## Activity:
Starting at the first line of the data, print every line up to and including the one with "Tummy Tuck Before", but no pictures.

## Records supplied:

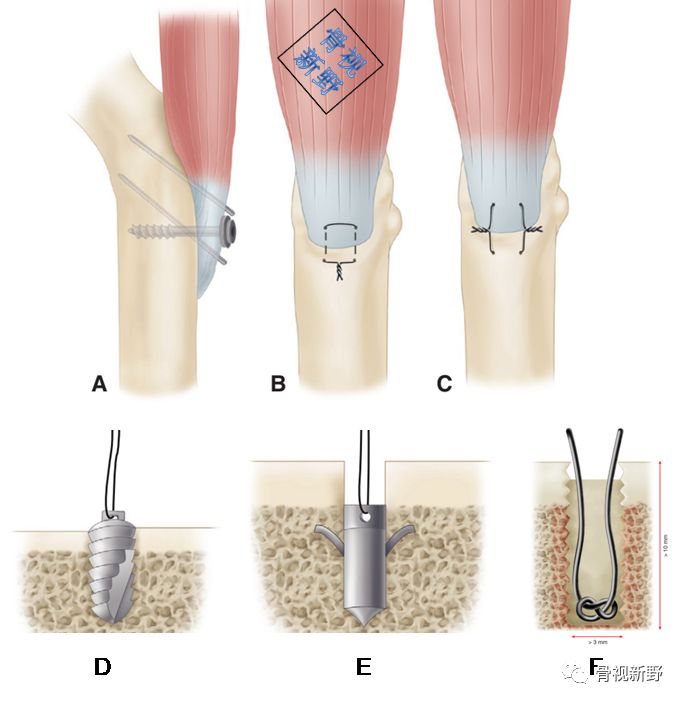 为什么用钢丝缝线图解︱腱-骨止点重建技术大全_https://www.jmylbn.com_新闻资讯_第2张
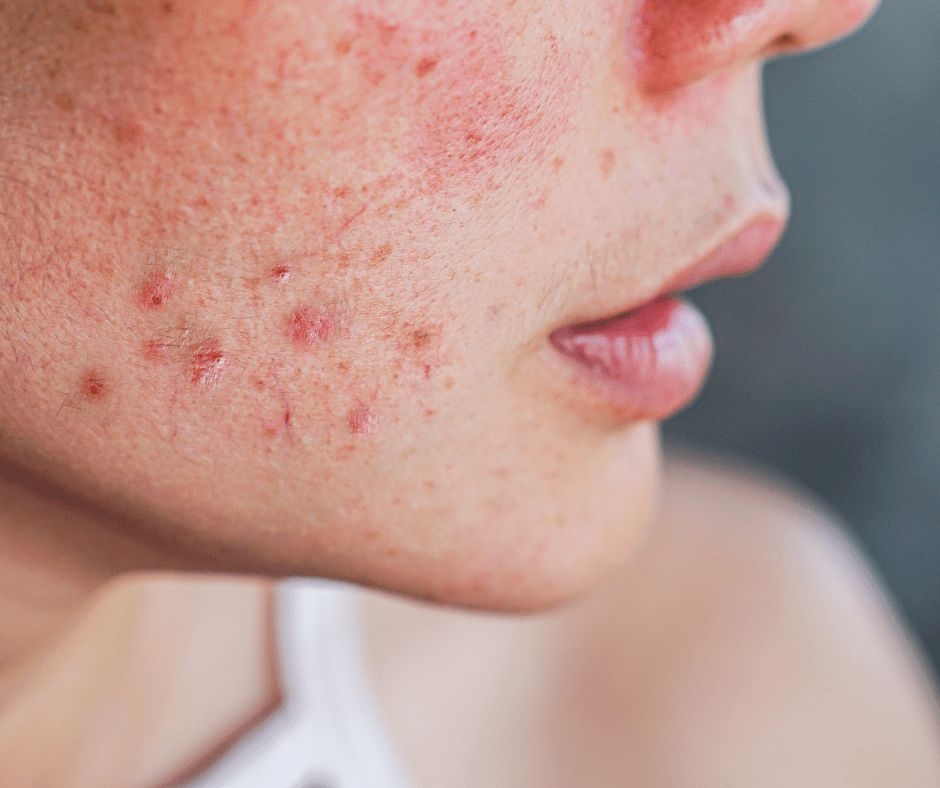 Acne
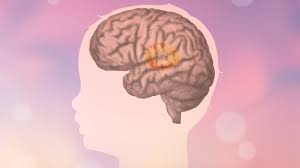 Is mskcc doing, or do you know anyone who is doing, genetic research on gbm? Treovir S Oncolytic Virus Product Extends Survival In Children With Brain Tumors Biospace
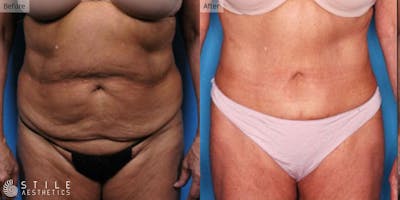 Tummy Tuck Before & After Gallery - Patient 367462 - Image 1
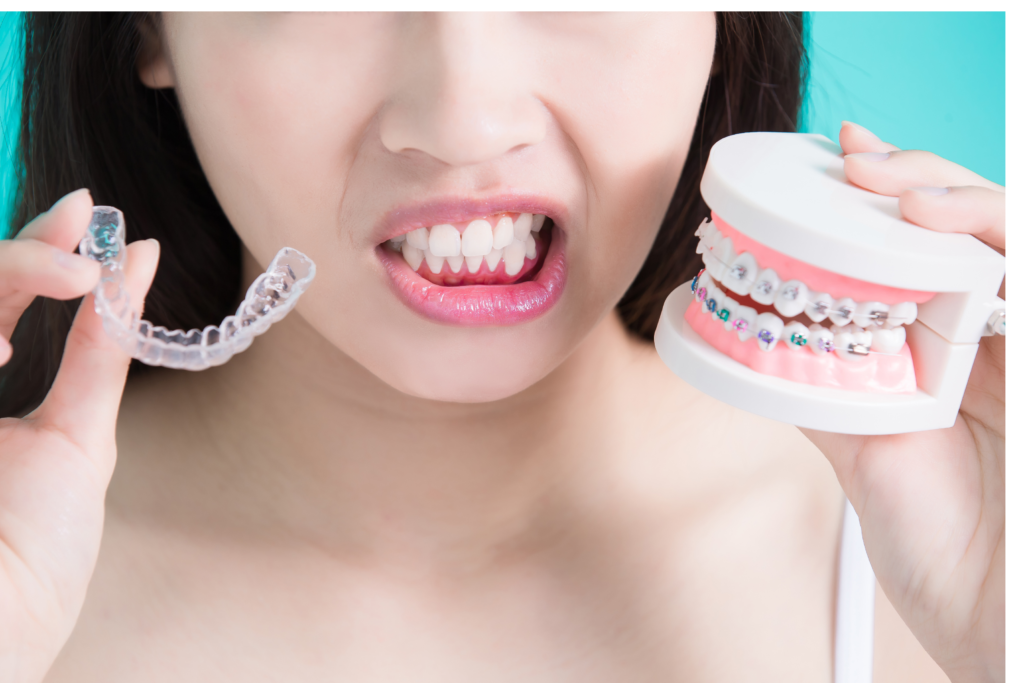 Zakaj izbrati nevidni zobni aparat - blog Ortodent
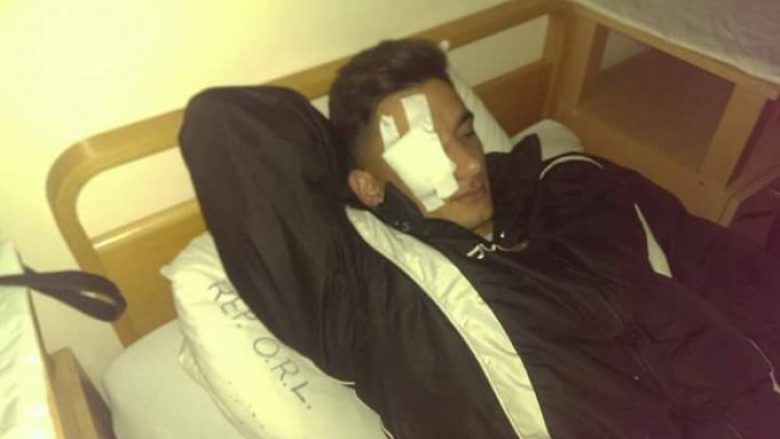 Memaj i Lirisë e përzë nga spitali futbollistin që e lëndoi
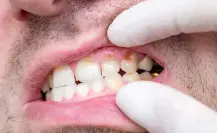 Frutas y verduras que ayudan a disminuir el sarro en los dientes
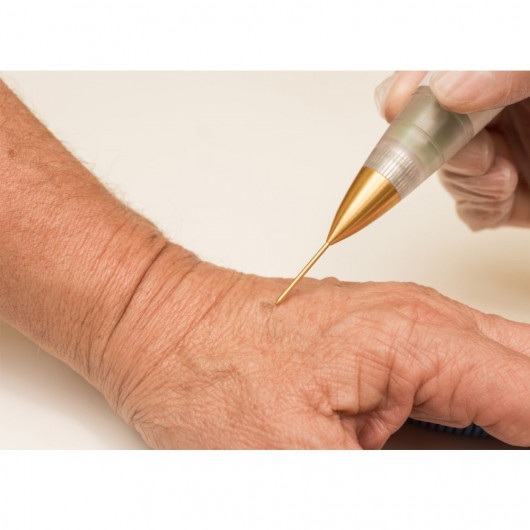 Jett Plasma Lift Medical- Lifting Corporal e Facial, intervenções dermatológicas e pequenas cirurgias Celebrim - 10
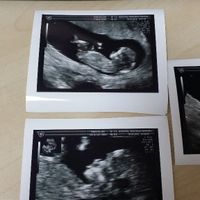12 semanas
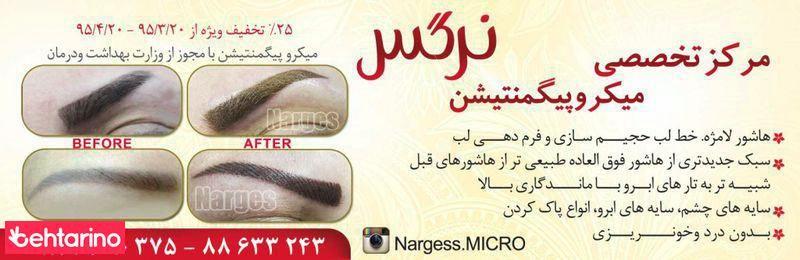 میکروپیگمنتیشن  نرگس
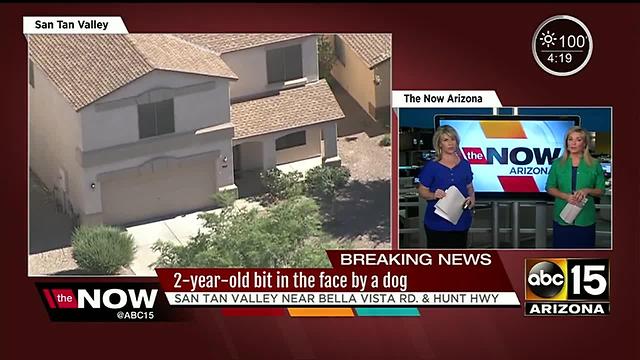 Child bitten in face by dog in San Tan Valley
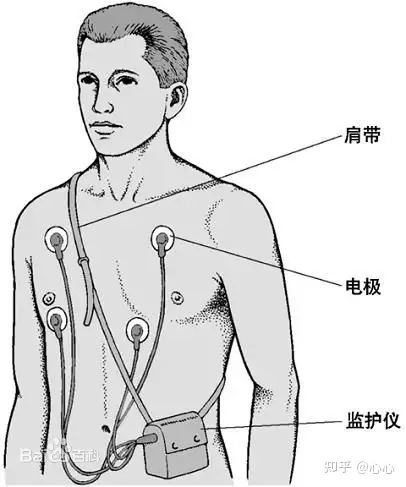 动态心电图( aecg) 通常也称为holter,是以研发者美国物理学家norman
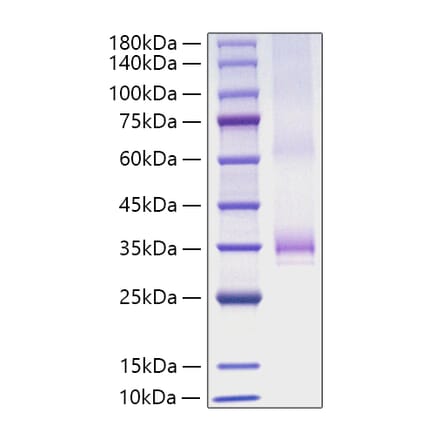 SDS-PAGE - Recombinant Human Angiopoietin 1 Protein (C-terminal His Tag) (A330096) - Antibodies.com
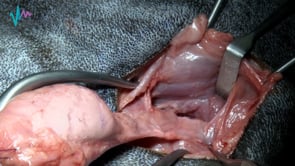 Sialodectomía o escisión de las glándulas salivares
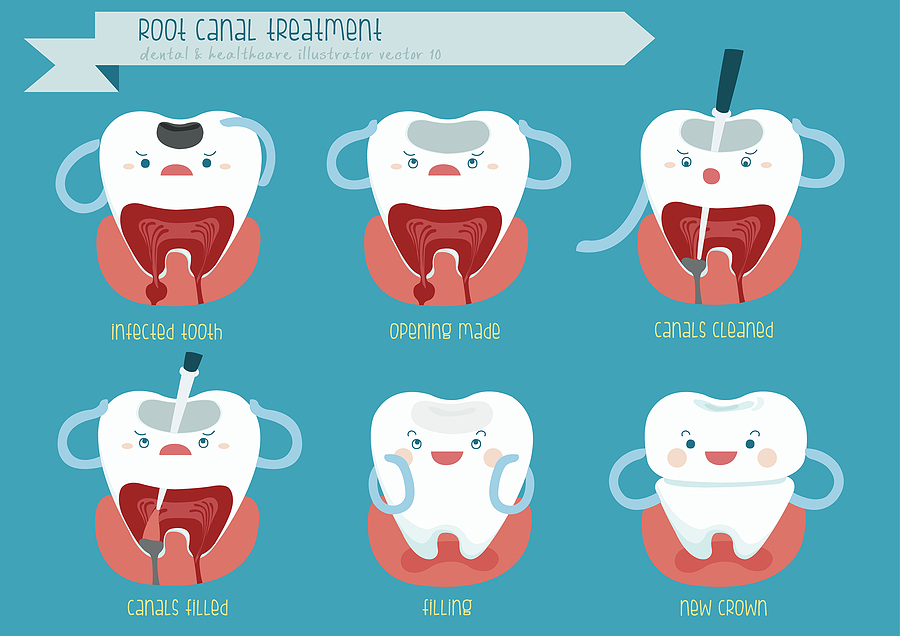 Root Canals: A Vital Solution for Tooth Preservation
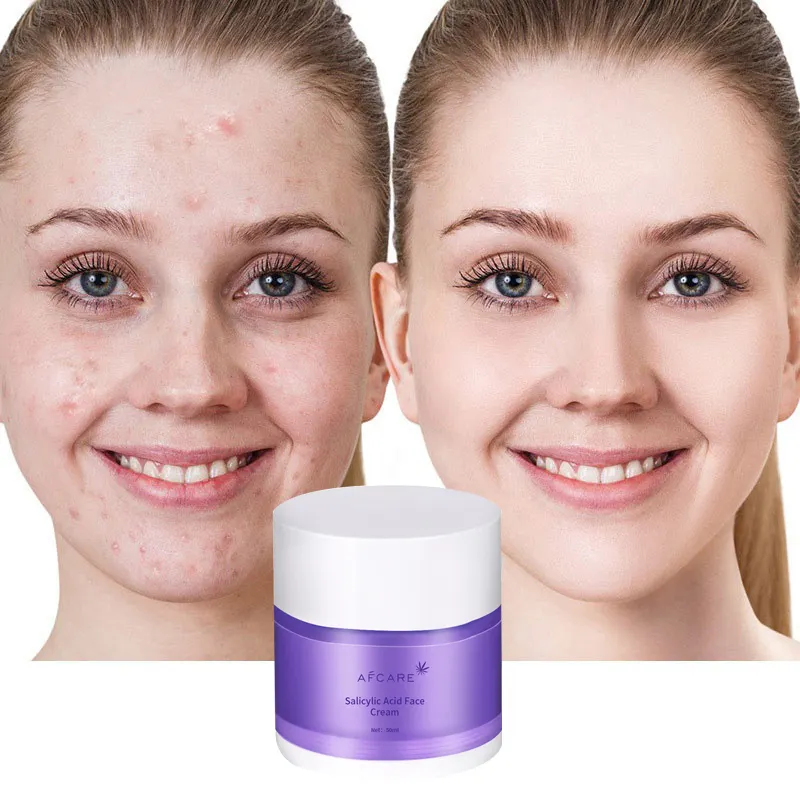 Wholesale Private Label Organic Facial Beauty Skin Care Day And Night Cream Anti Aging Anti Acne Salicylic Acid Face Cream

## Answer box:
 为什么用钢丝缝线图解︱腱-骨止点重建技术大全_https://www.jmylbn.com_新闻资讯_第2张
 Acne
 Is mskcc doing, or do you know anyone who is doing, genetic research on gbm? Treovir S Oncolytic Virus Product Extends Survival In Children With Brain Tumors Biospace
 Tummy Tuck Before & After Gallery - Patient 367462 - Image 1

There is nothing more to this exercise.